In consideration for this agreement, the Company has issued Nordic Immotech 4,166,667 shares of common stock with a fair value of $1,000,000 or $0.24 per share in December 2008.  The Company may use the value of these shares to offset the purchase price of Nordic Immotech, if an agreement to purchase Nordic Immotech is reached. The Company also has the option to repurchase these shares for $0.48 per share ($2,000,000) at February 27, 2009 or $0.60 per share ($2,500,000) at March 31, 2009. Nordic



10





Immotech may not sell these shares without the Company having the right of repurchase prior to March 31, 2009. If no agreement is reached by March 29, 2009, the shares remain with Nordic Immotech and will be fully tradeable.
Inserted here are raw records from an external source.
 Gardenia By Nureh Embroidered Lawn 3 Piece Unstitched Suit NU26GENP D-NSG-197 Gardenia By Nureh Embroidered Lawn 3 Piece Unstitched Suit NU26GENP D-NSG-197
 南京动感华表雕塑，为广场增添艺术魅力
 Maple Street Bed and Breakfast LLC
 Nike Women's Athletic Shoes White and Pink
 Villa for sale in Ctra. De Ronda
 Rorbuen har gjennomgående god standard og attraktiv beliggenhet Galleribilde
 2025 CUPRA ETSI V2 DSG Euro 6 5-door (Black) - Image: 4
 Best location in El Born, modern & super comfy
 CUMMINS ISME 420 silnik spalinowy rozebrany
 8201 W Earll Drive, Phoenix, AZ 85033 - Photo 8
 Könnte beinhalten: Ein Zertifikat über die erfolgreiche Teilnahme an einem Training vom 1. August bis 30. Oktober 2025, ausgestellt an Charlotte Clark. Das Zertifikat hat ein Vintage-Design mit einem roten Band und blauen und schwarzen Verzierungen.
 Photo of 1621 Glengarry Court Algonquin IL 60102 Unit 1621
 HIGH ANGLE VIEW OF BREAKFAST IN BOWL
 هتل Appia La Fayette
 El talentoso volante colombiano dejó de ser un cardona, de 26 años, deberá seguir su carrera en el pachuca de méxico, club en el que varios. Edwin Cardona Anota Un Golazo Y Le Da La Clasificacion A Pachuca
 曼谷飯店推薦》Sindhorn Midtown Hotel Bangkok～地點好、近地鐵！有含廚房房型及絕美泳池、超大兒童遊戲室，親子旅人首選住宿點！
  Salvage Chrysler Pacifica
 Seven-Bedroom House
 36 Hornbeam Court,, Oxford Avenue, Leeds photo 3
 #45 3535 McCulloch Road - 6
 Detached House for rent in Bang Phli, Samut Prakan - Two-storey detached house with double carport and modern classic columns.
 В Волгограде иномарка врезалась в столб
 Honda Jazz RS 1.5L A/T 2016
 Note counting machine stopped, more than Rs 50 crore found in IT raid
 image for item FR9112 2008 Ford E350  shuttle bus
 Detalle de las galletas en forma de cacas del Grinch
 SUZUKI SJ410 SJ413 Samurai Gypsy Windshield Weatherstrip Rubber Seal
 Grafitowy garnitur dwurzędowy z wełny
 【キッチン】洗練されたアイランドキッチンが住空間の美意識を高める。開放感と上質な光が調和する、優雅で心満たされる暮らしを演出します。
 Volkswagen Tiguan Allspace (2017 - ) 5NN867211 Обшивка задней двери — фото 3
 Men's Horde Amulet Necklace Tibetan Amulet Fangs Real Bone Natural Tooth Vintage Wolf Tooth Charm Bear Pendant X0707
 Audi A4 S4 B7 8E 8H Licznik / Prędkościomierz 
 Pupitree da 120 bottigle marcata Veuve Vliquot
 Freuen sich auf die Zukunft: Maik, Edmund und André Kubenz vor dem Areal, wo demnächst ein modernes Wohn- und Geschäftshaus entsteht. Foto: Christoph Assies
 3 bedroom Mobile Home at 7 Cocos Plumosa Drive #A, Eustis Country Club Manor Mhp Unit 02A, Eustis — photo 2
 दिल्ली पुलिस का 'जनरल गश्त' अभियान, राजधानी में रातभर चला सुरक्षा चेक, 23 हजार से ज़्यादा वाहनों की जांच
NOTE 12 – BASIC AND DILUTED EARNINGS (LOSS) PER SHARE


Basic earnings (loss) per share is computed by dividing the net earnings (loss) by the weighted average number of common stock outstanding during the periods presented. Diluted earnings (loss) per share is computed by dividing the net earnings (loss) by the weighted average number of common stock outstanding plus all dilutive potential common shares. The Company does not have any dilutive potential common shares for the periods presented.


NOTE 13 – RECENTLY ISSUED ACCOUNTING PRONOUNCEMENTS


In October 2008, the FASB issued FSP FAS 157-3, Determining the Fair Value of a Financial Asset When the Market for that Asset is Not Active (“FSP FAS 157-3”), which clarifies the application of SFAS 157 in a market that is not active and provides an example to illustrate key considerations in determining the fair value of a financial asset when the market for that financial asset is not active.  FSP FAS 157-3 was effective upon issuance.  Its adoption did not have a material effect on the Company’s financial statements.




11





Item 2.

Management’s Discussion and Analysis of Financial

Condition and Results of Operations

Overview


LifeQuest World Corporation, a Minnesota corporation incorporated on November 1, 1997, currently trades on the Over-the-Counter Bulletin Board under the symbol "LQWC". LifeQuest World Corporation is a Life Science company that is dedicated to significantly improving the lives of its family members, associates and distributor organization.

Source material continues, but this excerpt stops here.